Emerge in Habemus papam, il ritratto non di un incapace (come Celestino V, il Papa del “gran rifiuto”) o di un vigliacco, piuttosto di un individuo terribilmente “umano”, fragile e smarrito come tutti. Ventisei anni dopo La messa è finita, il laicissimo Moretti torna a parlare di uomini di chiesa per raccontare le sue ossessioni, dalla solitudine al rapporto tra arte e vita. Queste ultime si con-fondono nel surreale incontro di Melville con una compagnia teatrale che inscena Il gabbiano di Čechov e, più in generale, nella dimensione di un potere “recitato”, ostaggio di ruoli e riti opprimenti, di cui il Caimano” del film precedente è l’istrione assoluto. Melville aspira a tornare dietro le quinte, tra la gente. Tutto Habemus papam è il dietro le quinte di quel cruciale balcone di piazza San Pietro, da cui l’uomo s’affaccerà, nel finale, ma solo per annunciare a tutti il suo addio.

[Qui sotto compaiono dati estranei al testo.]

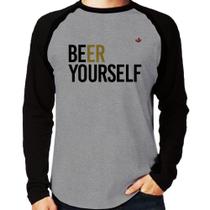 Camiseta Raglan Beer Yourself Manga Longa - Foca na Moda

Moretti ha fatto un film enigmatico, carico di sottintesi, brillante proprio per quel suo non essere mai esplicitamente, didascalicamente, un film politico, malgrado Melville rechi in sé i tratti e le nevrosi della contemporaneità. Una commedia intelligente e arguta, che maschera dietro un riso malinconico un vuoto spaventoso.